5. Running the experiment
Once both sides are configured:
On the server machine:
python run_server.pyThe server will start and wait for clients to connect.
On each client machine:
python run_client_override_splits.pyEach client will:
Load its local CSV data
Apply the default or overridden splits
Participate in federated training rounds coordinated by the server
During training:
The server runs for
num_rounds(here 10).Every
saveOnRoundsrounds (here 3), a checkpoint is written tosavingPathon the server (./ in the example).Metrics (loss, accuracy, etc.) are logged via the strategy / server logic implemented in
MEDfl.rw.
6. Customizing splits per client
Sometimes you want fine-grained control over how each client splits its
data.

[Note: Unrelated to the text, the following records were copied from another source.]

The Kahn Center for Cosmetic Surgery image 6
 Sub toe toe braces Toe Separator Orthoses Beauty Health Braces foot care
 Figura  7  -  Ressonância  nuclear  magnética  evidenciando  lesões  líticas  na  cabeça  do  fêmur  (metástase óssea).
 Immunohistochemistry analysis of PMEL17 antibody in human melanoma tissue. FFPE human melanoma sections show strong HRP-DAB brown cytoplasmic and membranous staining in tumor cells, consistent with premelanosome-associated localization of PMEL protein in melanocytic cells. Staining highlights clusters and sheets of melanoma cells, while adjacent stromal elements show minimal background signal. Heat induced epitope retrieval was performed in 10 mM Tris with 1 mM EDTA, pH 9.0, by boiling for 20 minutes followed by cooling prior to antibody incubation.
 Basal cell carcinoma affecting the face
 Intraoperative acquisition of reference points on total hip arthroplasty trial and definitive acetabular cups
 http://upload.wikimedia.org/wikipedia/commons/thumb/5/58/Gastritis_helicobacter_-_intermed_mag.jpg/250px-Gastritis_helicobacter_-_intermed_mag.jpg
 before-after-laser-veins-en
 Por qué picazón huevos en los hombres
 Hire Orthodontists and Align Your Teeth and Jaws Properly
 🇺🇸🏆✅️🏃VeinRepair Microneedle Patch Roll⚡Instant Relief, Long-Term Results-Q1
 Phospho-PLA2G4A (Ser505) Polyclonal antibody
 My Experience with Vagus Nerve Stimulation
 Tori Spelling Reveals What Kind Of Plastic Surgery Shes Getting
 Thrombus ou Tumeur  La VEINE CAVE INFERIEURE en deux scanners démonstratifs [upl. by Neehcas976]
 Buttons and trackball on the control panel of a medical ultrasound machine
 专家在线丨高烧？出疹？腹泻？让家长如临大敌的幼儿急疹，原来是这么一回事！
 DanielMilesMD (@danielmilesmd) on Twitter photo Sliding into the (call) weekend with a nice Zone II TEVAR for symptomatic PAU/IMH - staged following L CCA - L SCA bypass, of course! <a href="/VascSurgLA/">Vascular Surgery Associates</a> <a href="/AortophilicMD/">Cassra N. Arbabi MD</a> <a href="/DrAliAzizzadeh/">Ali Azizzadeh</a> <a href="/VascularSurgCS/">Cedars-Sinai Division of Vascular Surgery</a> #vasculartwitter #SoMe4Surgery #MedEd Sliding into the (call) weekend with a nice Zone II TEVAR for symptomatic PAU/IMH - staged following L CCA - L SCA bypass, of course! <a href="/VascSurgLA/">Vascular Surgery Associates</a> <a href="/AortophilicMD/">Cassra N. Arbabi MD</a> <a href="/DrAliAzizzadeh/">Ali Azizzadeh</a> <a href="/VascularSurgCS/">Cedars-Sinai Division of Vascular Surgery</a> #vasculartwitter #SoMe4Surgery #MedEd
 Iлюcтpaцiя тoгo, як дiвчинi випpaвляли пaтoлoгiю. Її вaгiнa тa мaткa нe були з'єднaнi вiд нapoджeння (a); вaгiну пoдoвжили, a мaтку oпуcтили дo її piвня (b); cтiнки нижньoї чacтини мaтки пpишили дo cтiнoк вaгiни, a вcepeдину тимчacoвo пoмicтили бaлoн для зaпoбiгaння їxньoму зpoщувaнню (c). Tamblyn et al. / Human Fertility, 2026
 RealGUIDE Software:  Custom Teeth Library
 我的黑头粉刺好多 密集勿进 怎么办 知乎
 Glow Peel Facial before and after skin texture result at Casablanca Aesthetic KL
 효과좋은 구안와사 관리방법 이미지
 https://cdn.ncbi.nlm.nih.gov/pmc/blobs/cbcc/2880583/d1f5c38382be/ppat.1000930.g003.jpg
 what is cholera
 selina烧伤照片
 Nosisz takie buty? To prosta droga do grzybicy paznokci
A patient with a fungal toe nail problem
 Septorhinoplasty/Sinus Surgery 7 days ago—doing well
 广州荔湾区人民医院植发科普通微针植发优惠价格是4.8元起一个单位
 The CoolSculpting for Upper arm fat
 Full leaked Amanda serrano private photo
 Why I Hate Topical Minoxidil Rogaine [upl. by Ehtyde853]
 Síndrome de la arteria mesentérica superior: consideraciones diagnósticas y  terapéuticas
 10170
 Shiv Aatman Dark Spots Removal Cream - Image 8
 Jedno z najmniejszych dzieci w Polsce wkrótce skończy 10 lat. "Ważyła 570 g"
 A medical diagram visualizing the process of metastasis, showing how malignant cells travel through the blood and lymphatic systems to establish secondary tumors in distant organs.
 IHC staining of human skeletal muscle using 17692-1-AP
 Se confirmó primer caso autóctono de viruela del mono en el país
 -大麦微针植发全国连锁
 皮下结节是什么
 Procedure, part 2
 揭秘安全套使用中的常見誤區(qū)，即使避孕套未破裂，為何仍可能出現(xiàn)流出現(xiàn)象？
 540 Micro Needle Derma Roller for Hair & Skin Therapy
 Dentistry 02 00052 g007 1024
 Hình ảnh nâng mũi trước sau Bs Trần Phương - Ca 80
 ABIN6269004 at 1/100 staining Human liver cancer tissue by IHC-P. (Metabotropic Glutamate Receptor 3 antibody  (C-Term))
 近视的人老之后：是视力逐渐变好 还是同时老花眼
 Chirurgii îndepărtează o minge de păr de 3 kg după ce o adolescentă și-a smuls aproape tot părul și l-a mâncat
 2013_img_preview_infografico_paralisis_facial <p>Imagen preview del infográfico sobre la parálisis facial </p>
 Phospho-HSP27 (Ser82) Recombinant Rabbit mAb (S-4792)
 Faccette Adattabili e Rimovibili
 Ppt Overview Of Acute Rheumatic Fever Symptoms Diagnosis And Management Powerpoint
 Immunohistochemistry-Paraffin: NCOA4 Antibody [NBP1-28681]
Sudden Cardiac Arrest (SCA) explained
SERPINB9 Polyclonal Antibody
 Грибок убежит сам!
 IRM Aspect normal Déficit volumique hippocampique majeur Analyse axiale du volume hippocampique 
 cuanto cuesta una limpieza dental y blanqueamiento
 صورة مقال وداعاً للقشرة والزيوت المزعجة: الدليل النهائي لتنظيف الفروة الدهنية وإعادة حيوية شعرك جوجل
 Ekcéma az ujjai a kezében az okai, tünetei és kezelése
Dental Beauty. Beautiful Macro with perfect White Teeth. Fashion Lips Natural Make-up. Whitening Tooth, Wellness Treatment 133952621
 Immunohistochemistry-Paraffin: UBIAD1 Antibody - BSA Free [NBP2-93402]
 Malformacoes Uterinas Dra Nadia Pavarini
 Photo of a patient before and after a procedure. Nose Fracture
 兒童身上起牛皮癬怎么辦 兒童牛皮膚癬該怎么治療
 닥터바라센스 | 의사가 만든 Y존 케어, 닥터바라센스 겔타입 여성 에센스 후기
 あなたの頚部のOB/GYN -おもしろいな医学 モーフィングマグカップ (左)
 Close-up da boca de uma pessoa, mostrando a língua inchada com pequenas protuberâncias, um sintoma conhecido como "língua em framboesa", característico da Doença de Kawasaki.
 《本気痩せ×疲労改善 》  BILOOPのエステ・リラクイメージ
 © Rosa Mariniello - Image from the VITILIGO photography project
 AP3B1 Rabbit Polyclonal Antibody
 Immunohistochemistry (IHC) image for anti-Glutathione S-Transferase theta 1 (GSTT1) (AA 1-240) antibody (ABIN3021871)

MEDfl allows this through the client_fractions dictionary.
Example: a client with hostname dinf-medomi-05b should:
Use 10% of its data as validation,
Use a specific set of IDs as test data.
client_fractions = {
"dinf-medomi-05b": {
"val_fraction": 0.10,
"test_ids": list(range(1500)), # IDs 0..1499
}
}
custom_strategy = Strategy(
# ...
client_fractions=client_fractions,
)
On that specific machine:
The effective validation fraction will be 0.10 (instead of the default 0.15).
Samples whose
idis intest_idswill be forced into the test set.
Note
Make sure that:
The hostname key (e.g.
"dinf-medomi-05b") exactly matches the name seen by MEDfl on the client machine.The
id_colin the strategy configuration matches the ID column in the client CSV files.
7. Summary
In this real-world tutorial, you have learned how to:
Prepare local CSV datasets for each client
Configure a FederatedServer with:
a specific aggregation strategy (
FedAvg)enforced feature/target schema
default and per-client validation/test splits
checkpoint saving
Configure and run FlowerClient instances on remote machines
Optionally enable Differential Privacy using
DPConfig
This setup corresponds to a true multi-institution environment where data never leaves the client machines, and only model updates are exchanged.